Figure 3.3 Heavy Alcohol Use, by College Attendance and Age: 2002

Figure 3.3 D

Employment

* Rates of current alcohol use were 61.8 percent for full-time employed adults aged 18 or older in 2002 compared with 57.9 percent of their unemployed peers. However, the patterns were different for binge and heavy alcohol use; rates were higher for unemployed persons (34.7 and 13.3 percent, respectively, for binge and heavy use) than for full-time employed persons (29.0 and 8.4 percent, respectively).
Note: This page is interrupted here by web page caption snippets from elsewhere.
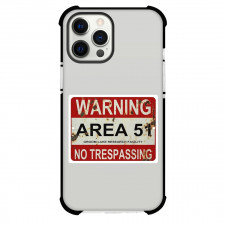 Area 51 For iPhone Samsung Galaxy Pixel OnePlus Vivo Xiaomi Asus Sony Motorola Nokia -Warning No Trespassing
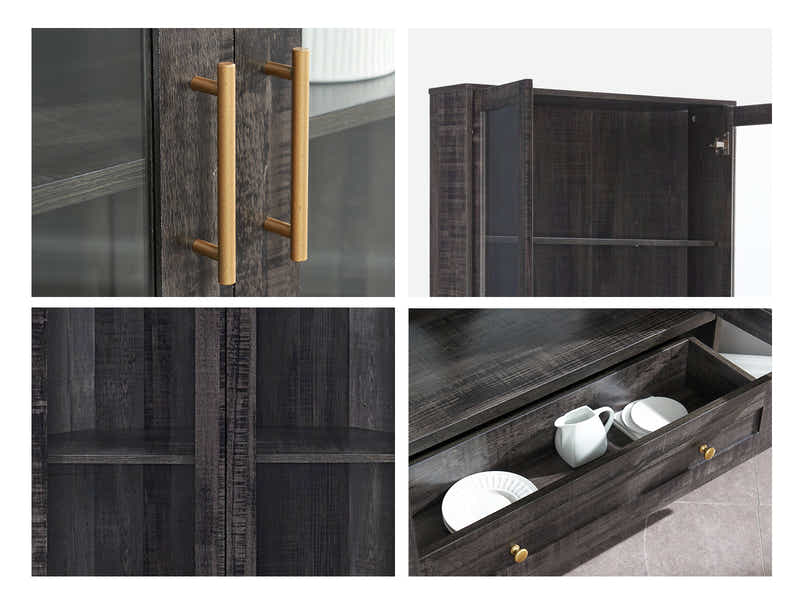 Display Cabinet Black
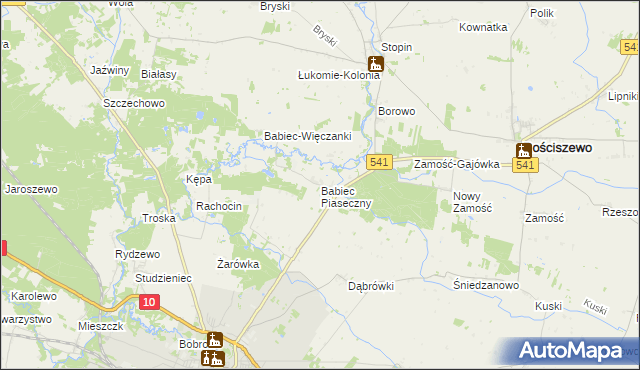 mapa Babiec Piaseczny, Babiec Piaseczny na mapie Targeo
* Most binge and heavy alcohol users were employed. Among the 51.1 million adult binge drinkers in 2002, 40.8 million (80 percent) were employed either full or part time. Similarly, 12 million (79 percent) of the 15.2 million adult heavy drinkers were employed.

Geographic Area

* The rate of past month alcohol use for people aged 12 or older in 2002 was lowest in the East South Central division (36.7 percent) and highest in New England (57.2 percent).
* Among people aged 12 or older, the rate of alcohol use in 2002 in large metropolitan areas was 54.0 percent compared with 51.3 percent in small metropolitan areas and 42.9 percent in nonmetropolitan areas. There was less variation across county types in rates of binge and heavy drinking. The rate of heavy alcohol use was 6.3 percent in large metropolitan areas, 7.9 percent in small metropolitan areas, and 6.1 percent in nonmetropolitan areas.
* Among youths aged 12 to 17, the rate of past month binge alcohol use was slightly higher in nonmetropolitan areas (12.6 percent) than in large or small metropolitan areas (10.1 and 10.3 percent, respectively). In rural nonmetropolitan areas, 14.2 percent of youths reported binge drinking.

Association with Illicit Drug and Tobacco Use

* The level of alcohol use was strongly associated with illicit drug use in 2002. Among the 15.9 million heavy drinkers aged 12 or older, 32.6 percent were current illicit drug users. For binge drinkers who were not heavy drinkers, 16.6 percent reported past month illicit drug use. Other drinkers (i.e., past month alcohol use but not binge drinking) had a rate of 5.8 percent for current illicit drug use, and persons who did not use alcohol in the past month were least likely to use illicit drugs (3.6 percent).
* Drinking levels also were associated with tobacco use. Among heavy alcohol users, 61.3 percent smoked cigarettes in the past month, while only 21.8 percent of non-binge current drinkers and 17.7 percent of nondrinkers were current smokers. Smokeless tobacco and cigar use also were more prevalent among heavy drinkers than among non-binge drinkers and nondrinkers.

Driving Under the Influence of Alcohol

* About 1 in 7 Americans aged 12 or older in 2002 (14.2 percent, or 33.5 million persons) drove under the influence of alcohol at least once in the 12 months prior to the interview.
* Males were nearly twice as likely as females (18.8 vs. 9.9 percent, respectively) to have driven under the influence of alcohol.
* More than 1 in 4 (26.6 percent) young adults aged 18 to 25 reported driving under the influence of alcohol at least once in the prior year.